— WHAT THE TASK REQUIRES —
Look below for the line holding "Roman Style Round" and the line holding "Top Brand Luxury". Transcribe exactly those lines and all lines between them, nothing more.

— DATASET EXTRACT —
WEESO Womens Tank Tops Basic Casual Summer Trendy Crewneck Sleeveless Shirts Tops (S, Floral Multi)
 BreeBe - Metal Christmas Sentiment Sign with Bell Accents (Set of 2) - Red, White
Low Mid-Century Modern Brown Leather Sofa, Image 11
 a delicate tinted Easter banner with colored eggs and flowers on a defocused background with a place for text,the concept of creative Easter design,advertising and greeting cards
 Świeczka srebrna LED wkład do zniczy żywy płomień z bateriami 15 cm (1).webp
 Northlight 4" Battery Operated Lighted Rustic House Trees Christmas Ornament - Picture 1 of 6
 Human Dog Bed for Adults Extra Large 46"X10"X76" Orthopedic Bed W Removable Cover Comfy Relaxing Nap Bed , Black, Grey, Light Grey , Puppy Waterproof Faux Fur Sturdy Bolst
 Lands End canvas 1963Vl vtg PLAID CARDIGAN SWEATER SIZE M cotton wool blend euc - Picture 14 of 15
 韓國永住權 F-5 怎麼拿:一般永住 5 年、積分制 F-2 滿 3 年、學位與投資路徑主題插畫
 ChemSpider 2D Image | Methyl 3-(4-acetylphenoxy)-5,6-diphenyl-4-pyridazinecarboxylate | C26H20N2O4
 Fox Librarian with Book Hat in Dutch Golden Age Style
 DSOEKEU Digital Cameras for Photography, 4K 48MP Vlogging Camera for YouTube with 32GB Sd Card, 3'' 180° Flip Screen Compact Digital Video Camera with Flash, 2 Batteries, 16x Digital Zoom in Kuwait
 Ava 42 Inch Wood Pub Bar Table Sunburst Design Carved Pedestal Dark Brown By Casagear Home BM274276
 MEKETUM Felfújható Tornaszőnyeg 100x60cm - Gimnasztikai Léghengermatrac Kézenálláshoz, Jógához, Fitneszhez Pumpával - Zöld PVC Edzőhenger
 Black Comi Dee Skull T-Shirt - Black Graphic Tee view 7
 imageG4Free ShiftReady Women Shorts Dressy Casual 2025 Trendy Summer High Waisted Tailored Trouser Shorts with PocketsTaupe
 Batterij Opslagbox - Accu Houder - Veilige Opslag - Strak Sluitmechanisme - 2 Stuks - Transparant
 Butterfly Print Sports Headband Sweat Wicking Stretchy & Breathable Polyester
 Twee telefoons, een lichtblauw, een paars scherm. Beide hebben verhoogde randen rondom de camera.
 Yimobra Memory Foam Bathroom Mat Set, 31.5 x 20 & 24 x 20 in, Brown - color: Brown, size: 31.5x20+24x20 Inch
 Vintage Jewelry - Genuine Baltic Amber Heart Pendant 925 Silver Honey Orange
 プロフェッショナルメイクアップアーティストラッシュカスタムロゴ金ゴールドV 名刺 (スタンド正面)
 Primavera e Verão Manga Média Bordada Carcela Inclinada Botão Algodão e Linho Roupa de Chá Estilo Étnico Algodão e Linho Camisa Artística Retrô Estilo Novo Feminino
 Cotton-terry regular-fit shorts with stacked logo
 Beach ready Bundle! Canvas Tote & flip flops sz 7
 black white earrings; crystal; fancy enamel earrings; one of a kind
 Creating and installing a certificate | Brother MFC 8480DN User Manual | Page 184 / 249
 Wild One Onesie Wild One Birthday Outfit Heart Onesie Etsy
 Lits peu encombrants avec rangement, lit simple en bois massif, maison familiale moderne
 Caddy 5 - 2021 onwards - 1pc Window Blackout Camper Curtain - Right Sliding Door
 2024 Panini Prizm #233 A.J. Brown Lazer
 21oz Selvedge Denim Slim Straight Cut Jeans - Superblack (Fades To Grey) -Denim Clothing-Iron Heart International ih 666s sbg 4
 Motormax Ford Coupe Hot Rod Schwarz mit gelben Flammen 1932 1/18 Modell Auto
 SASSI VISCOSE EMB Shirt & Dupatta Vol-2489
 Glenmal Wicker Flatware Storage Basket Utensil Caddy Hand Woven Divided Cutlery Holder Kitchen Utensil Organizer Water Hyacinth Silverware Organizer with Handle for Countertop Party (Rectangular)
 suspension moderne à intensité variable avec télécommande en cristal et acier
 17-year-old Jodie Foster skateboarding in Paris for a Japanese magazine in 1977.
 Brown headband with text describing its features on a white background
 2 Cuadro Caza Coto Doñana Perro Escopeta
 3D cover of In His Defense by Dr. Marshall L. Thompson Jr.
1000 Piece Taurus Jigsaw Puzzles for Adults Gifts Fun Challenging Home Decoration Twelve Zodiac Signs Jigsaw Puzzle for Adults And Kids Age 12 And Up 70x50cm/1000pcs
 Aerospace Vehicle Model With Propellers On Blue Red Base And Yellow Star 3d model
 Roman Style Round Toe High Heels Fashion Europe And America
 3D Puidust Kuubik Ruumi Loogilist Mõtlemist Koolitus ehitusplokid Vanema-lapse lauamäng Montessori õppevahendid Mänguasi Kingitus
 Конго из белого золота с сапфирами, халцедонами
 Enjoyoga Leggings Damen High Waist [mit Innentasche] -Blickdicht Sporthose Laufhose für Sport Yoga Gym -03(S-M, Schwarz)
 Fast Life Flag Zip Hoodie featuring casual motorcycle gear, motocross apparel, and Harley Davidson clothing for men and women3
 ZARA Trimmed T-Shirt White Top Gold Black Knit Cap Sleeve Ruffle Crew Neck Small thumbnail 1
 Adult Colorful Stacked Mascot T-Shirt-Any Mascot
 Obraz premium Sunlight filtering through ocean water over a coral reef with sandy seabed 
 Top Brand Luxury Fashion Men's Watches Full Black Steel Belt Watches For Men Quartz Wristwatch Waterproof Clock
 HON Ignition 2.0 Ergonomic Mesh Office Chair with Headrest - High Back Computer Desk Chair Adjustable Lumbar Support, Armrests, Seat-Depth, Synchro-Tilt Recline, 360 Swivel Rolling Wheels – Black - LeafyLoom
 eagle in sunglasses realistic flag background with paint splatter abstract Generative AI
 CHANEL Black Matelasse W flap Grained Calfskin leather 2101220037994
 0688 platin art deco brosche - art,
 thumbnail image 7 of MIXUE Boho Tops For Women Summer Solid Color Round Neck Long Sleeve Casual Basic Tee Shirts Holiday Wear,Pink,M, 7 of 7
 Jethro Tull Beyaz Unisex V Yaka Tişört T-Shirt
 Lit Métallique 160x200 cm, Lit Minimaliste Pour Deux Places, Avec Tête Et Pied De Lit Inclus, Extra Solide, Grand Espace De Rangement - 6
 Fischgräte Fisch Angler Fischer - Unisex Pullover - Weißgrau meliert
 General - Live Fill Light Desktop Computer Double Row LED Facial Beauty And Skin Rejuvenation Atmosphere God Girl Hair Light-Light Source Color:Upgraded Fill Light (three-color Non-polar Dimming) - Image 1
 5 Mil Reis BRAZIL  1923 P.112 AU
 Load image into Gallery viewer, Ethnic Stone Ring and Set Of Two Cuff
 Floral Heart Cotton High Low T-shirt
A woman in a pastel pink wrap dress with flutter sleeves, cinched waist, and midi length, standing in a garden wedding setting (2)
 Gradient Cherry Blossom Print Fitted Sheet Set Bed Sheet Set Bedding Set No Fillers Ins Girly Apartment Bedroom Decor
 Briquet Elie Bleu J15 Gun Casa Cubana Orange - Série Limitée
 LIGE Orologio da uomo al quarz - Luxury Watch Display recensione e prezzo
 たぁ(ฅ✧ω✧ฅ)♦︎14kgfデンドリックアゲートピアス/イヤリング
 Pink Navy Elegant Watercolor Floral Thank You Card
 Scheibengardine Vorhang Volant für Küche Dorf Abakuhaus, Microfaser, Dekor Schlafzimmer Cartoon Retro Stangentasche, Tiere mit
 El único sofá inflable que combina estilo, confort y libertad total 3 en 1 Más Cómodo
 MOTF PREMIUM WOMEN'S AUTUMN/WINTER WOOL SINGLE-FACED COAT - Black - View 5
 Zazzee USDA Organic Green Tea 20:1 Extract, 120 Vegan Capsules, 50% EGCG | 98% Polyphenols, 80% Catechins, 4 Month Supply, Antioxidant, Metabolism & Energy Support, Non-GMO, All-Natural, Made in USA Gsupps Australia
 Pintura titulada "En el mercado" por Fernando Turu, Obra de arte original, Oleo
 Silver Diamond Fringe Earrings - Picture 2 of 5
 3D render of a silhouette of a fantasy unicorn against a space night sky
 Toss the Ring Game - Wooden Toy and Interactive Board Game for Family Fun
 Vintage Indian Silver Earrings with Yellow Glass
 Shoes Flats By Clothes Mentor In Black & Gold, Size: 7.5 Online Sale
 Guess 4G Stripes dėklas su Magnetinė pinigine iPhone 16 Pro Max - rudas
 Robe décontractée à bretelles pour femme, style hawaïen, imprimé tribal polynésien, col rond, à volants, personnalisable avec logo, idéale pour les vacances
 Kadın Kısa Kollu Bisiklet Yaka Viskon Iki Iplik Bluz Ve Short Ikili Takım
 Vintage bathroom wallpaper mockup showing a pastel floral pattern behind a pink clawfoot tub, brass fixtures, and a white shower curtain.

— ANSWER TO THIS PROBLEM —
 Roman Style Round Toe High Heels Fashion Europe And America
 3D Puidust Kuubik Ruumi Loogilist Mõtlemist Koolitus ehitusplokid Vanema-lapse lauamäng Montessori õppevahendid Mänguasi Kingitus
 Конго из белого золота с сапфирами, халцедонами
 Enjoyoga Leggings Damen High Waist [mit Innentasche] -Blickdicht Sporthose Laufhose für Sport Yoga Gym -03(S-M, Schwarz)
 Fast Life Flag Zip Hoodie featuring casual motorcycle gear, motocross apparel, and Harley Davidson clothing for men and women3
 ZARA Trimmed T-Shirt White Top Gold Black Knit Cap Sleeve Ruffle Crew Neck Small thumbnail 1
 Adult Colorful Stacked Mascot T-Shirt-Any Mascot
 Obraz premium Sunlight filtering through ocean water over a coral reef with sandy seabed 
 Top Brand Luxury Fashion Men's Watches Full Black Steel Belt Watches For Men Quartz Wristwatch Waterproof Clock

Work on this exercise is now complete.